One Demolition Too Many

Demolitions are far from over in the Greater Accra Region. They have made disturbing headlines in the past few weeks, the most prominent being the Adjei Kojo debacle which continues to resonate across important political and social circles.

The exercise has unleashed on the country her first set of internally-displaced persons whose plight remains uncertain, especially after soldiers removed the shelter placed over them by personnel of the National Disaster Management Organisation (NADMO).

The Tema Development Corporation (TDC), it would seem, is receiving more sympathy from the state than the victims of the demolition.

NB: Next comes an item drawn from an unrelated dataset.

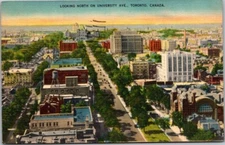 University Avenue Toronto Canada Vintage Linen Postcard 1940 Posted A29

Nmai Dzorn was the next point to taste the bouts of demolition which took place last week leaving in its trail a heartbreaking spectacle of rubbles and anguish.

A certain Hamdaweh Sibdoo Abdulai, regardless of his land title for a piece of land at Nmai Dzorn, lost it during the recent inexplicable demolition which hit the area.

John Teye was yesterday the latest to be visited by the demolition craze and we are told other areas have been penciled for similar exercises.

While court orders have been dangled in the face of victims, in others we are unable to tell whether the actions are backed by law, given the stealth underpinning the action, the timing and the masked men undertaking the demolition.

Be it as it may, the demolition exercises now becoming features of the nation’s capital are triggering questions about whether government should not find an alternative way of dealing with the subject since many areas of Accra, especially the new layouts, are mired in one form of challenge or the other.

In most of the cases, the problems that have arisen are triggered by misunderstandings between chiefs, state agencies and innocent purchasers, some of them poor public servants who suffer unduly as a result of the conflicts.

The human miseries which have followed in the wake of the demolitions do not present government in good light, a situation which we entreat those in charge to find a way of managing humanely.

The law enforcement agency, the Ghana Police Service, has the mandate to execute court orders but a number of instances have played out which point at a shortcoming which needs amelioration.

We think it would be proper security management if local police commanders are kept posted about demolitions.

Situations whereby district commanders are not apprised about such developments are both embarrassing to such commanders and above all anomalous.

As pointed out earlier, the situations which lead to the eventual demolition of structures, as being played out in Accra, must be identified and tackled before they mature into the monsters we have had to live with in the past few weeks.

The state agencies in charge of the various processes preceding land ownership must be given fresh directives to expedite action on the applications submitted.

It is unacceptable that applicants are asked to proceed with construction only to face imminent demolition in due course.

Something is just not right, the correction of which lies on the bosom of the state.